Join us for this evening of conversations at ARUP, where lighting designers and urbanists will discuss the opportunities and limits of urban lighting in our cities. The discussion will focus on designing inclusive environments for night-time.
“ Urban lighting isn’t just about meeting safety needs through code compliance, or achieving an aesthetic effect. It presents a significant opportunity to fundamentally improve the quality of life of urban citizens. Properly considered, lighting can positively impact the ‘total architecture’ of our cities; reinforcing urban design principles, enhancing cultural experiences and encouraging social interaction. ”
Florence Lam – Arup Fellow | Global Lighting Design Leader
Dr Navaz Davoudian
Dr Navaz Davoudian has been a researcher in light and lighting in the past 14 years at Sheffield University and UCL. Navaz’s main expertise is urban and street lighting research including pedestrian lighting and street lighting glare. Apart from academic research, Navaz has undertaken consultancy projects for commercial and non-commercial organisations. She employs a multidisciplinary approach in all her researches and integrated behaviour studies and psychophysical methodologies in addition to technical lighting methodologies. Her other research interests are ageing and lighting, interaction of people with the lit environment and lighting and indoor/outdoor environment quality. Navaz is the first author of over 20 papers in her field. She was invited and commissioned by RIBA Publisher (Royal Institute of British Architects) to author a book about urban lighting for people which is due to be published early 2019. The book provides an evidence-based approach to light as a part of people’s daily lives: the light that enables people to travel around their neighbourhood, their city on a daily basis.

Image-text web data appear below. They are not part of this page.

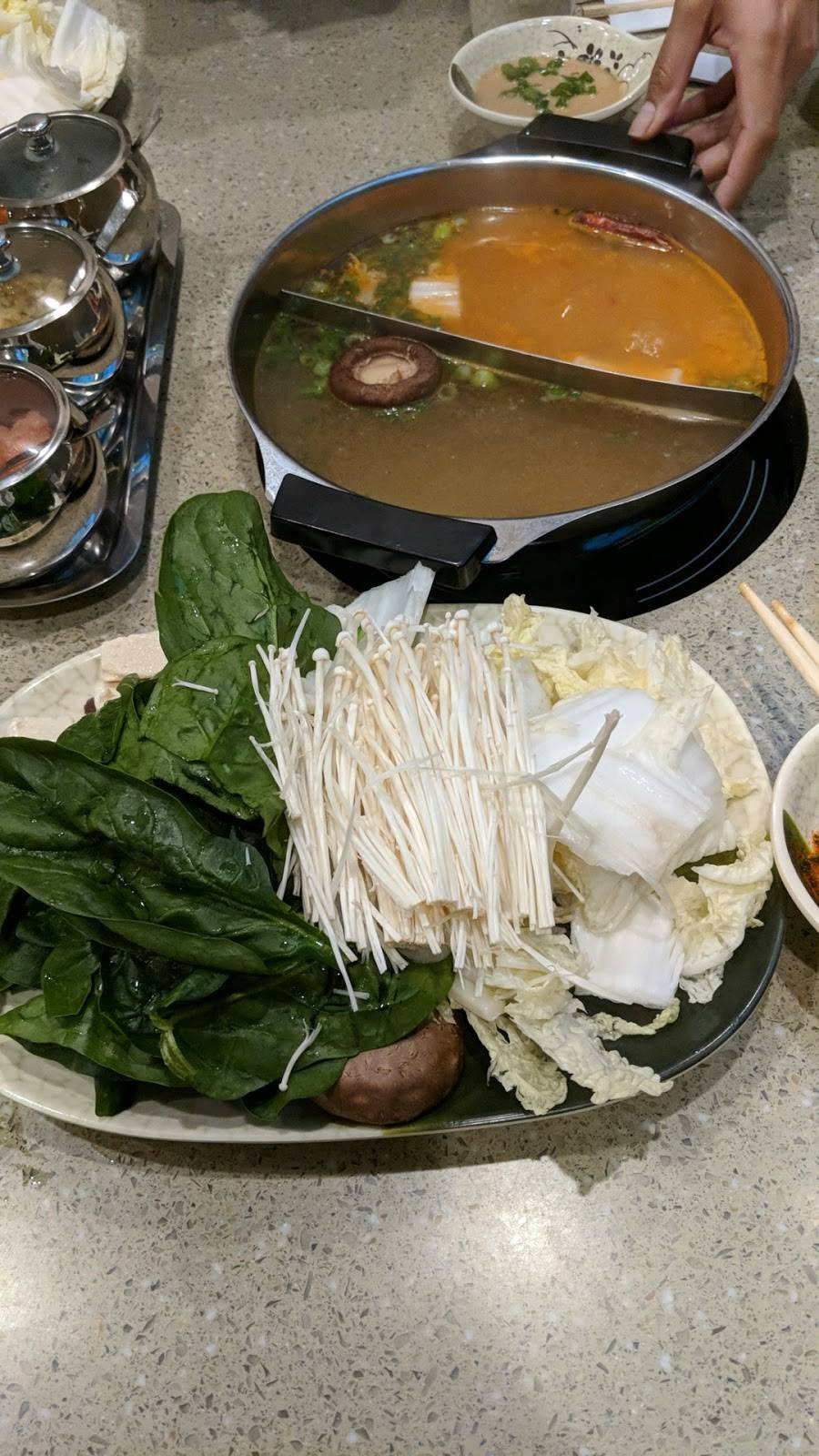 Shabu House | restaurant | 1050 Valencia St, San Francisco, CA 94110, USA | 4157570889 OR +1 415-757-0889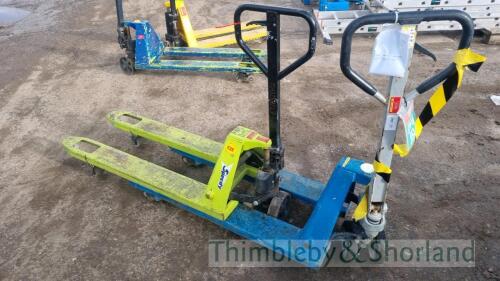 2 pallet trucks MA1444711, MA1269249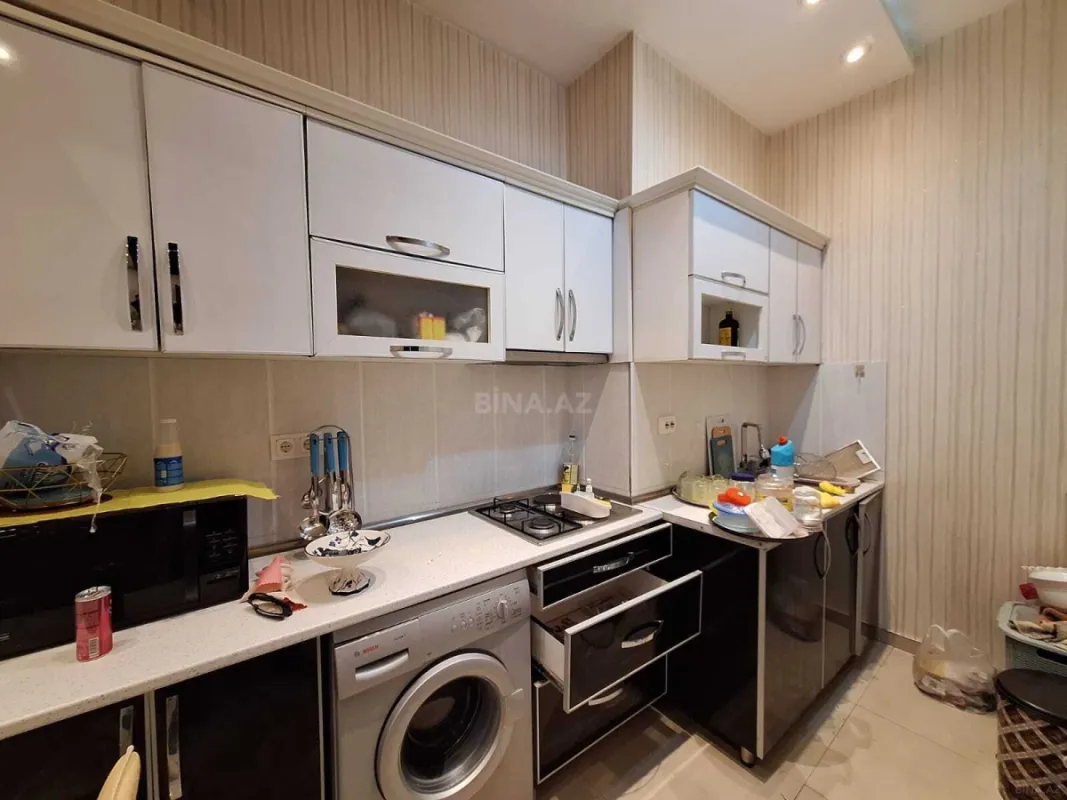 Satılır 4 otaqlı mənzil 105 m²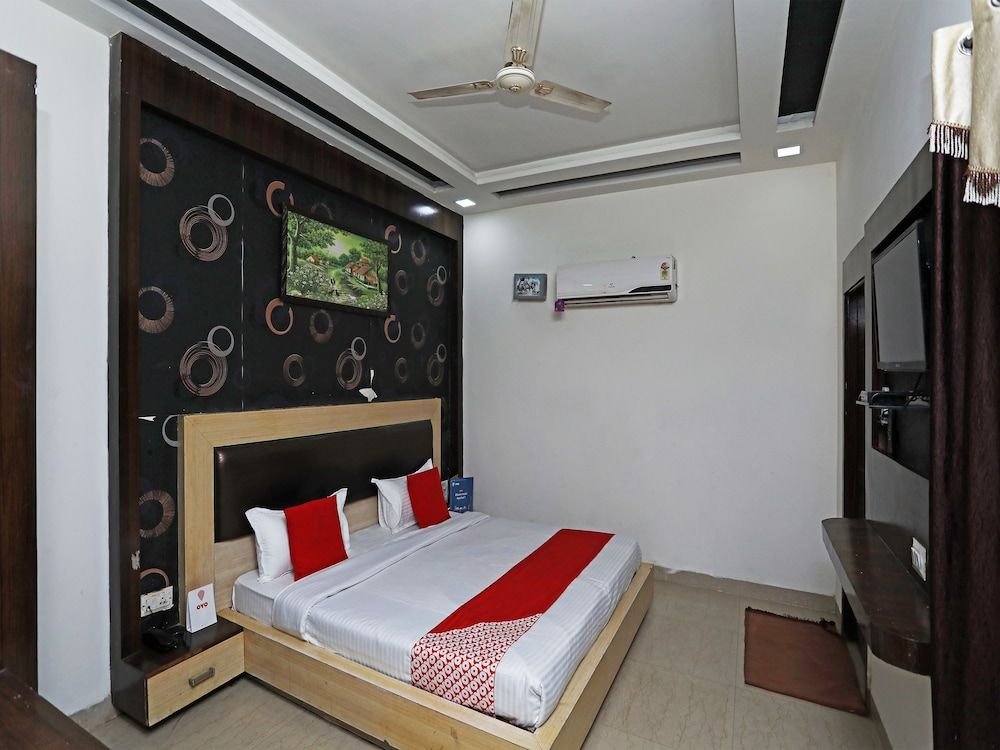 hotel vanya palace by wb inn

Inessa Demidova is an architectural lighting designer with Arup. With a background in spatial design and critical design thinking, her main interest is providing more meaningful lighting design that serves wide ranges of people. Over her career she has been involved in numerous cultural and public realm projects in the UK and abroad where her task was to deliver the best quality of lighting for successful placemaking.
Casper Laing Ebbensgaard
Casper is a Leverhulme Early Career Fellow at Queen Mary University of London and specialises in the role of urban design and planning practices in everyday life of residents, with a particular interest in light, darkness and the night-time city. His research has explored how older residents across east London respond to changes in lighting as street lights are replaced with LEDs and as and larger mixed-use regeneration schemes redesign public realm space, investigating how technologically driven redesign impacts on resident mobility, perception and sense of place. Currently, he is researching the role of light and darkness in the design of residential high-rise buildings across east London, past and present, exploring how domestic lighting and light clutter informs wider concepts of home, belonging and sense of place.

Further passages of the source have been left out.